Variabel selanjutnya adalah dukungan permodalan dan dukungan distribusi pemasaran. Dukungan permodalan yaitu dukungan berupa uang yang dipinjamkan atau diberikan oleh instansi tertentu untuk keberlanjutan pengolahan tanah, sedangkan dukungan distribusi pemasaran yaitu dukungan penyaluran nilai jual hasil produksi pertanian dari tanah hasil redistribusi. Tabel 7 memperlihatkan jumlah responden yang menerima dukungan permodalan yang berada pada kategori rendah sebanyak 90.6%, sedangkan yang berada pada kategori tinggi sebanyak 9.4%. Selanjutnya, untuk variabel distribusi pemasaran, 46.9% responden berada pada kategori rendah, sedangkan 53.1% berada pada kategori tinggi.
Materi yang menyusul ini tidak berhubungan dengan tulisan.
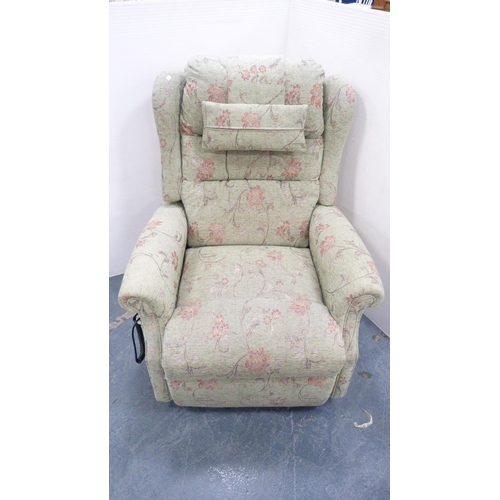 229 - Floral upholstered electric reclining armchair.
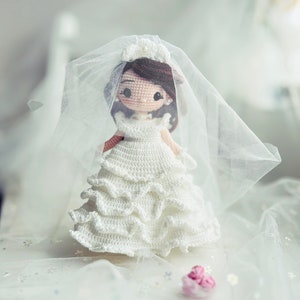 Puede incluir: Una mu&ntilde;eca de crochet vestida con un vestido de novia blanco con velo. La mu&ntilde;eca tiene el pelo casta&ntilde;o y una flor blanca en la cabeza.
Warga yang mengatakan bahwa pernah tersedia dukungan permodalan di desanya mengaku pernah ditawarkan sejumlah uang untuk modal berusaha tani ketika pembagian bibit manggis. Akan tetapi, warga mengaku takut untuk

(6)

menerimanya dan memilih untuk menolak tawaran modal terebut. Selanjutnya, dalam hal distribusi pemasaran, seluruh warga yang menerima bibit manggis mengaku telah menerima dukungan distribusi pemasaran, yakni dengan cara sudah ada yang membawa hasil panen manggis warga ke pasar menggunakan mobil pick up.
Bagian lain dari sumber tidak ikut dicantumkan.